Russia intervened within hours and on a massive scale. Had it
not been for that intervention, which resulted in a defeat of the
"NATO standard" Georgian army within 48 hours, and subsequent Western
diplomacy to check Russian military moves within Georgia, large-scale
fighting might well have claimed even more lives.

Nevertheless, the three days of shelling and shooting resulted in
nearly a wholesale destruction of Tskhinvali – a town about the size
of Stepanakert – and displacement of close to 100,000 people, both
Ossetians and Georgians.

The rapid pace of these events, the human toll involved, the apparent
shifts in the regional balance of forces and, above all, Armenians’
security predicament in Nagorno-Karabakh necessitate an urgent review
of Yerevan’s policies.

Lesson 1: Ethnic hatreds and advanced weapons make for a deadly mix

Mr. Saakashvili studied in some of the best schools in Europe and the
United States. He has made it clear that he wants Georgia to be part
of Europe. Georgia has already adopted the European Union flag. While
his record on corruption and democracy in Georgia is checkered,
under the Saakashvili presidency, Georgia has made obvious progress.

None of this stopped the Georgian president from launching a massive
indiscriminate bombardment of South Ossetia and an attempt to wipe
out both its small self-defense forces and, effectively, the fewer
than 70,000 ethnic Ossetians living in the area.

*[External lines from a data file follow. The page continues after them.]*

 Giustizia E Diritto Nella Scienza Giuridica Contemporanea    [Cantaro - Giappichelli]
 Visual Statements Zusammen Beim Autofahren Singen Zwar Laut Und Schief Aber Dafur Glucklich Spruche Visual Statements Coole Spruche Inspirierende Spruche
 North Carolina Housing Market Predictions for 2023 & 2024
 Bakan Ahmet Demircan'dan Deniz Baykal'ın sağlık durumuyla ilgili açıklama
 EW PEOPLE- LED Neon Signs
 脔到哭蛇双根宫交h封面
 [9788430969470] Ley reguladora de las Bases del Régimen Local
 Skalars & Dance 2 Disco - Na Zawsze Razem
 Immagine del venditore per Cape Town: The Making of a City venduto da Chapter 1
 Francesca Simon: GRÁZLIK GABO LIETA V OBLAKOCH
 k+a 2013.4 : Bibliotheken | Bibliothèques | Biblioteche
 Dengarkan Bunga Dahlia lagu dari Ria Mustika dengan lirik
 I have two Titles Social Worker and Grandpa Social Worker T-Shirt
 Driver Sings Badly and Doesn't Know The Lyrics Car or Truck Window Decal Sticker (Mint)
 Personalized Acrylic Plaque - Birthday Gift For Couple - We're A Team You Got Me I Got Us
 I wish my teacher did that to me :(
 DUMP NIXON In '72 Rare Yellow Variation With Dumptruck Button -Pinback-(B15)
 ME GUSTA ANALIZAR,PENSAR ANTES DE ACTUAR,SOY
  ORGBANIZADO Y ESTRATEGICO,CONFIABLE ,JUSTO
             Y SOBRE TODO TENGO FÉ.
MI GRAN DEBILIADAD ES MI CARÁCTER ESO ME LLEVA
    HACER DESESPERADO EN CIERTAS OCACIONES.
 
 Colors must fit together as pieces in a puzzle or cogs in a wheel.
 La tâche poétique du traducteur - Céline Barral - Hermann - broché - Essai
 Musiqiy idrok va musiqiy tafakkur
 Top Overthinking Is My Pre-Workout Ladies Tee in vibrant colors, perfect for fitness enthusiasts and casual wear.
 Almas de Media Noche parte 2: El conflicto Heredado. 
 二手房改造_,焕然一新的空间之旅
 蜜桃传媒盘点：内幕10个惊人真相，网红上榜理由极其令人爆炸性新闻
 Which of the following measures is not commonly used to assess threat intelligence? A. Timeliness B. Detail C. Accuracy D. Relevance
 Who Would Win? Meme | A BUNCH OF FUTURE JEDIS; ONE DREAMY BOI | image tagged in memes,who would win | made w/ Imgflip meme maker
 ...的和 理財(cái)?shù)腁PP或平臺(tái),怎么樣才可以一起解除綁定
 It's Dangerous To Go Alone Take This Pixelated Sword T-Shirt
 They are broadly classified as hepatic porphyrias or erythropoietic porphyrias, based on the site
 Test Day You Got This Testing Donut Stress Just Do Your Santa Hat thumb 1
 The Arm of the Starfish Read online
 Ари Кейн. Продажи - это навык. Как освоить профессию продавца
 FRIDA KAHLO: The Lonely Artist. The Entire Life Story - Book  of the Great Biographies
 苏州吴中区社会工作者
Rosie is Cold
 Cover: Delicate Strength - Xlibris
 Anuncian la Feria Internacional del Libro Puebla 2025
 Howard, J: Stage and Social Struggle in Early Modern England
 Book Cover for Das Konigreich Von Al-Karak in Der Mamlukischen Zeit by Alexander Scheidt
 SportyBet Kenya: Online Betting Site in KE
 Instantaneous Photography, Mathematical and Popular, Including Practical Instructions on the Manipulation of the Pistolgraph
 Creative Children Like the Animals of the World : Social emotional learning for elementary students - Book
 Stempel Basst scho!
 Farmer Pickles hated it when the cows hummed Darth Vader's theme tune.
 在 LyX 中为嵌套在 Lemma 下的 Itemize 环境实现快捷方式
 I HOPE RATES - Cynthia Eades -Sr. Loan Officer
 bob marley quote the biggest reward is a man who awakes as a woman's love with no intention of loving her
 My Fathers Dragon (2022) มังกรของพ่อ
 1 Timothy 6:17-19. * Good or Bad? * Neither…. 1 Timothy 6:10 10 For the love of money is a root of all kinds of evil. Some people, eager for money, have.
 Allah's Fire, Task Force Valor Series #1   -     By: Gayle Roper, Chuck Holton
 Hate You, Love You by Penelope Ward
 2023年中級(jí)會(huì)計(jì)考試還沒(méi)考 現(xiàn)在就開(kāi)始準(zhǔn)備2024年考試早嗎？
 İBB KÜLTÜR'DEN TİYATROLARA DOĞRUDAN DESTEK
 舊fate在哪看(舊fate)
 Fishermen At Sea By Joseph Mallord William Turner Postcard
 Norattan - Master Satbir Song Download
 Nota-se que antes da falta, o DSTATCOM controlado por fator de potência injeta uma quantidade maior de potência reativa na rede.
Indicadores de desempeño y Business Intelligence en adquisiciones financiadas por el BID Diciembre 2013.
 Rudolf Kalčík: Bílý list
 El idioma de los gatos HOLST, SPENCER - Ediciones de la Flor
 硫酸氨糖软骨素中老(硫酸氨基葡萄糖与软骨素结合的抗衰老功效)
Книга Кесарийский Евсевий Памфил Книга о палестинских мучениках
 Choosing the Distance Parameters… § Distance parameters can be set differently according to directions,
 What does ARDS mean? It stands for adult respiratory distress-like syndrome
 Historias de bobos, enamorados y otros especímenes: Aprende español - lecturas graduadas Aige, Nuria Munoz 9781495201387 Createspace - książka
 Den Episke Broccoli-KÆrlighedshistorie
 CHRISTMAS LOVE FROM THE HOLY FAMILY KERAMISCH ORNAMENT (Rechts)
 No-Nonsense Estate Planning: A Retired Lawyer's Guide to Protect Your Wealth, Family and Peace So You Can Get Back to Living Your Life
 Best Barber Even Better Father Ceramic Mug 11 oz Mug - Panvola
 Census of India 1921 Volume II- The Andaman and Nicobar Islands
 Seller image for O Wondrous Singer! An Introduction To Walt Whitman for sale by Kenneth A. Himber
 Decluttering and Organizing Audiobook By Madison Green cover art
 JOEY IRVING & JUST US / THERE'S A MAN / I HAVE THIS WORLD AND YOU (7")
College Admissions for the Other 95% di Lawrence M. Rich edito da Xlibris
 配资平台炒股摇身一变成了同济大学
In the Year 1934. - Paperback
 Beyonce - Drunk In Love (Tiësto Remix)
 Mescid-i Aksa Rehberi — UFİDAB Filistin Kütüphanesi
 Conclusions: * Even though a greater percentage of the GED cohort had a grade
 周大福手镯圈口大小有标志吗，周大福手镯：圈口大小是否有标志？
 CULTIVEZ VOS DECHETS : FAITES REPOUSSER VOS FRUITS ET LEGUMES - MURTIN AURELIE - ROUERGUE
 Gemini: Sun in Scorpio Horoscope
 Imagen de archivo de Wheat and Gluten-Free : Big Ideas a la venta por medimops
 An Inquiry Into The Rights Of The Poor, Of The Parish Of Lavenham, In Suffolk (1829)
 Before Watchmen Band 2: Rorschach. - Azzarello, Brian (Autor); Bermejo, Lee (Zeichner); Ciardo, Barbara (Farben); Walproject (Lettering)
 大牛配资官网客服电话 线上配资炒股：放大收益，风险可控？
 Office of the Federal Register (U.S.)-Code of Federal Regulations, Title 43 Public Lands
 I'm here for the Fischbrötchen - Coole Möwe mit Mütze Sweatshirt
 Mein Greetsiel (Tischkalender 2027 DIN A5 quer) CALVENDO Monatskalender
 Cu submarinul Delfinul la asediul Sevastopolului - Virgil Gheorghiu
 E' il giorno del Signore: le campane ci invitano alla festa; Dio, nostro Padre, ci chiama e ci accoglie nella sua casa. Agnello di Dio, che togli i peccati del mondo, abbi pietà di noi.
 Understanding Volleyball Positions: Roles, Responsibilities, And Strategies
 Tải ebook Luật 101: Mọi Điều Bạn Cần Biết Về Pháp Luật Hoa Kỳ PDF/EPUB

Now let’s look at Azerbaijan. It has much more money and more deadly
firepower than Georgia did before this week. Azerbaijan’s ruling family
does not care much for promoting democratic facades or currying Western
favor, and it has repeatedly for years threatened to attack Armenia
(including the Nagorno-Karabakh Republic).

This combination of capability and stated intent creates an immediate
present danger to Armenian lives and must be appreciated more
seriously and addressed more effectively than has happened to date
both in Armenia and the diaspora.

The quick and devastating defeat of a country that, like Azerbaijan,
sought to "restore its territorial integrity," or more accurately
avenge old grievances through fresh violence only to bring new
humiliation upon itself, should serve as a cold shower for Azerbaijan.

But Armenians cannot rely on President Ilham Aliyev’s rational
cost-benefit calculation. The risks are just too high. Considering the
levels of anti-Armenian rhetoric – which are beyond anything Georgia’s
leaders have ever employed vis-a-vis Ossetians, Abkhaz, or Russians –
Mr. Aliyev or, to borrow from the words of the Russian president,
another "lunatic" Azerbaijani leader may feel the "need to shed
[Armenian] blood" overwhelm other cares he or she might have.

The threat is real and must be addressed.

Lesson 2: Crisis preparations are necessary before a crisis arrives

Still, most Armenians – and this is especially true for the diaspora
and Yerevan – live in a blissful ignorance of threats their homeland
and their lives are facing.

Even among professional individuals whose job it is to protect Armenia
and neutralize its enemies, one frequently observes the attitude that
Azerbaijan either "doesn’t have the balls," "doesn’t have the army,"
"won’t risk losing oil," or "the United States and Russia won’t stand
for it."

After the Georgian attack on Ossetia, the Armenian government needs
to answer a number of key questions.

Does it consider losing hundreds, if not thousands of civilians
within a matter of hours, an acceptable risk? Azerbaijan today has
the capability to cause such destruction.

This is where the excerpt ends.